Nicht nur eine verstärkte Nachwuchs- und Forschungsförderung, sondern auch ein kulturelles Umdenken fordert der Paderborner Informatikprofessor Reinhard Keil. "Bei uns herrscht immer noch das Grundverständnis, dass Bildung nichts mit Technik zu tun hat", sagte Keil am Dienstag im Gespräch mit der Deutschen Presse-Agentur (dpa).

Beim nationalen IT-Gipfel am Montag in Potsdam hatte Bundeskanzlerin Angela Merkel (CDU) gefordert, die bis 2009 zusätzlich geplanten sechs Milliarden Euro für Forschung und Entwicklung strategisch vernünftig auszugeben. Damit solle Deutschland in der Informationstechnologie auf dem Weltmarkt gestärkt werden.

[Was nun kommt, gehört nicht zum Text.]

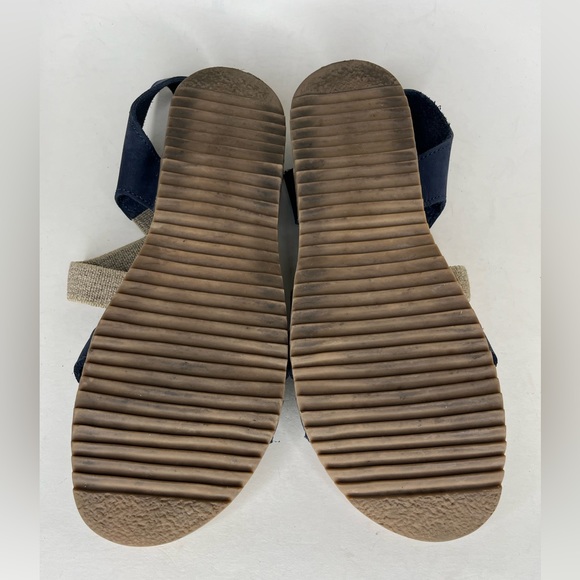 bionatura sandals Women Size 39 US 8 Blue/tan Leather/textile Upper - Picture 13 of 15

Keil klagte, für einen gebildeten Menschen sei es heute immer noch gesellschaftsfähig, sich nicht für Technik oder Computer zu interessieren. Mit der kulturellen Haltung gegenüber Technik gehe auch ein negatives Image der Informationstechnologie einher. "Informatik gilt meist als Beschäftigung für nicht-sozialfähige Bastler, die in ihre Maschine hineinkriechen", sagte Keil. "Was die Leute übersehen, ist die Tatsache, dass das Fach sehr hohe Sozialkompetenzen erfordert.» Wer zum Beispiel bei der Entwicklung von neuen Programmen im Team oder bei der Kundenpräsentationen nicht gut kommunizieren könne, erleide schnell Schiffbruch. Diese Qualifikation werde oft vernachlässigt - im Bewusstsein der Menschen, aber auch in der Lehre an Universitäten.

Die Wissensvermittlung an deutschen Universitäten hinkt nach Ansicht des IT-Experten und Managementberaters Alfons Rissberger dem technischen Fortschritt weit hinterher. "IT bietet neue Möglichkeiten, Kenntnisse auf höchst effektive Weise bei höchster Qualität zu vermitteln. Mit Hilfe modernster Lernsoftware, in der das Know-how der besten Hochschullehrer abgebildet ist, kann Grundlagenwissen weit wirkungsvoller vermittelt werden als in traditionellen Vorlesungen. Und wir können hunderte Millionen sparen", sagte Rissberger der dpa.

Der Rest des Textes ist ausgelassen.